Exercise directions: Leaving the pictures aside, restate all of the data exactly.

Dataset records:

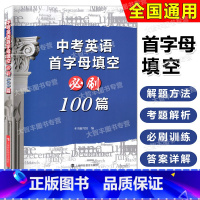 中考英语首字母填空100篇 初中通用 [正版]任选 中考英语高频词汇手册 中考英语高频词汇训练 语法必刷1000题 首字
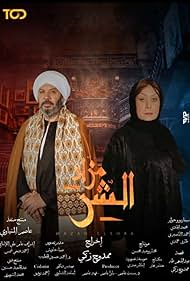 Hala Fakher and Kamal Abu Raya in Mazad El Shar (2022)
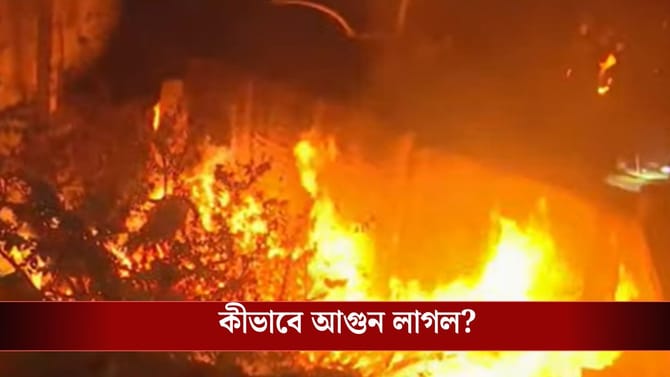 উড়ে গেল ছাদ! কাঁকুড়গাছির অক্সিজেন সিলিন্ডার গোডাউনে বিধ্বংসী আগুন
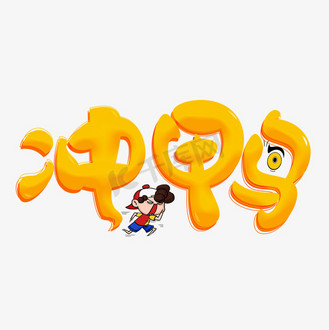 冲字体设计图片素材_冲鸭黄色创意艺术字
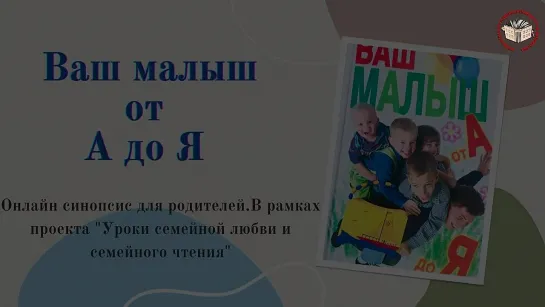 «Ваш малыш от А до Я»: онлайн-синопсис для родителей в рамках проекта «Уроки семейной любви и семейного чтения»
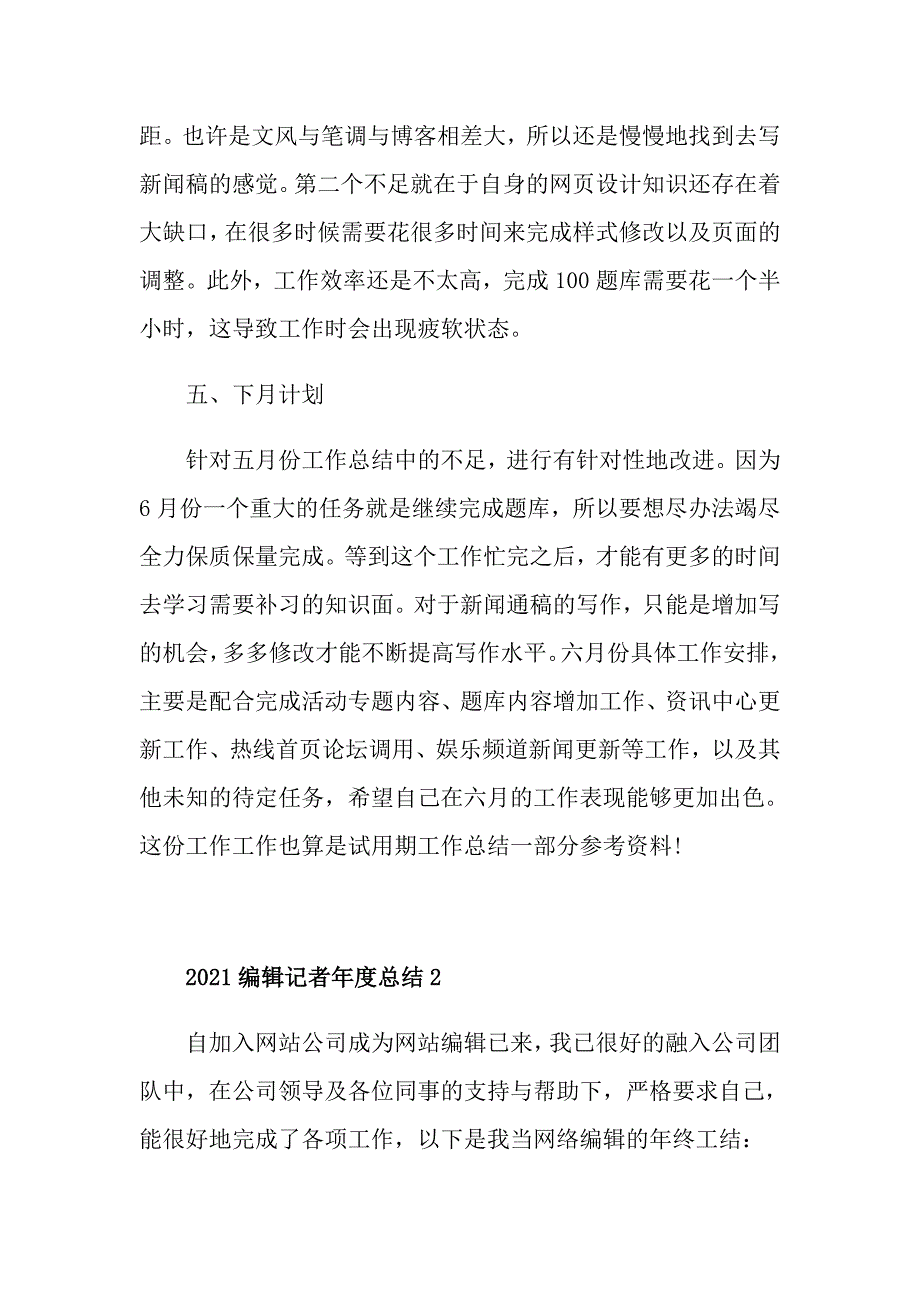 2021编辑记者总结范文_第3页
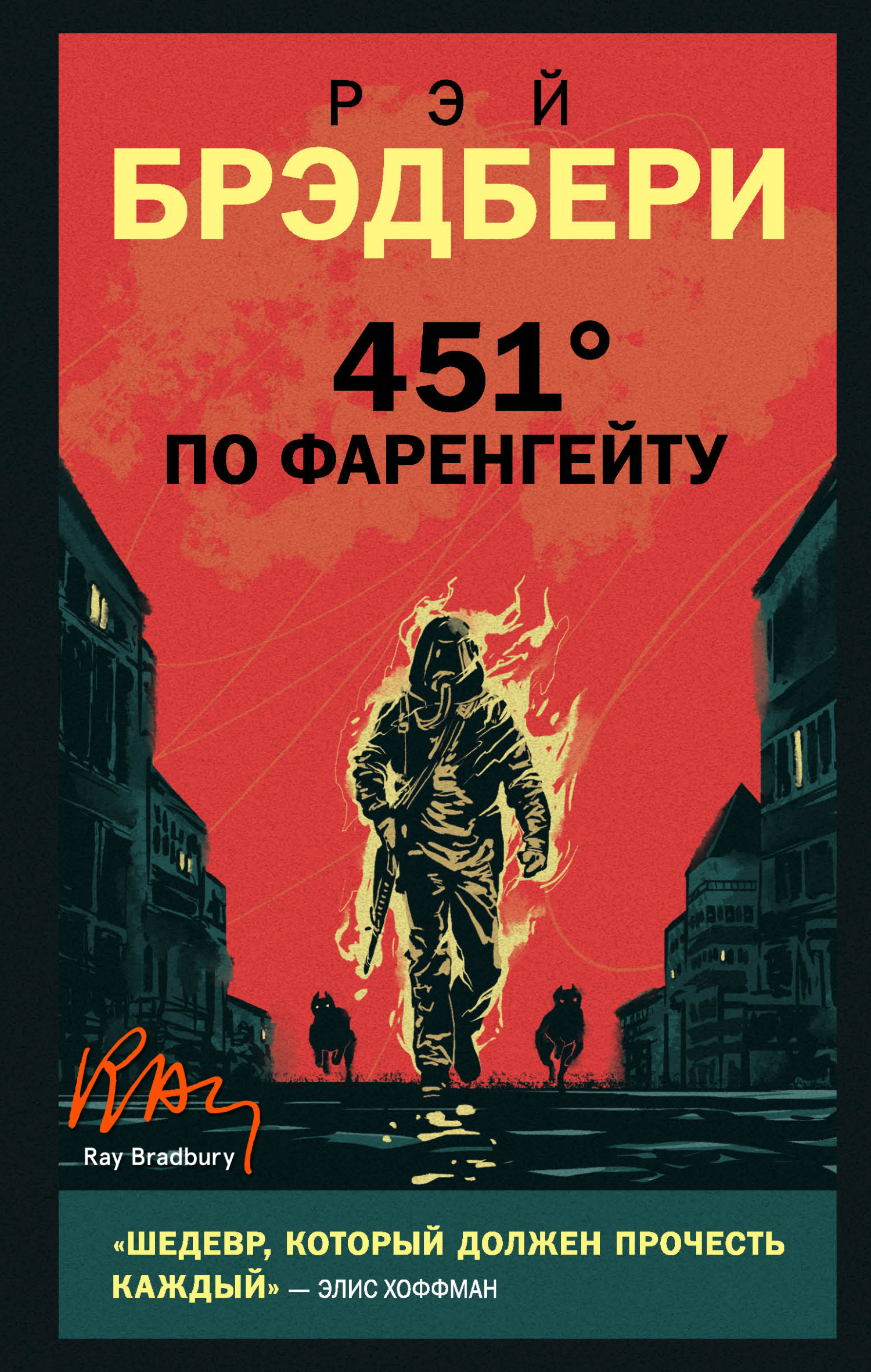 451 °F по Фаренгейту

Exercise solution:
 中考英语首字母填空100篇 初中通用 [正版]任选 中考英语高频词汇手册 中考英语高频词汇训练 语法必刷1000题 首字
 Hala Fakher and Kamal Abu Raya in Mazad El Shar (2022)
 উড়ে গেল ছাদ! কাঁকুড়গাছির অক্সিজেন সিলিন্ডার গোডাউনে বিধ্বংসী আগুন
 冲字体设计图片素材_冲鸭黄色创意艺术字
 «Ваш малыш от А до Я»: онлайн-синопсис для родителей в рамках проекта «Уроки семейной любви и семейного чтения»
 2021编辑记者总结范文_第3页
 451 °F по Фаренгейту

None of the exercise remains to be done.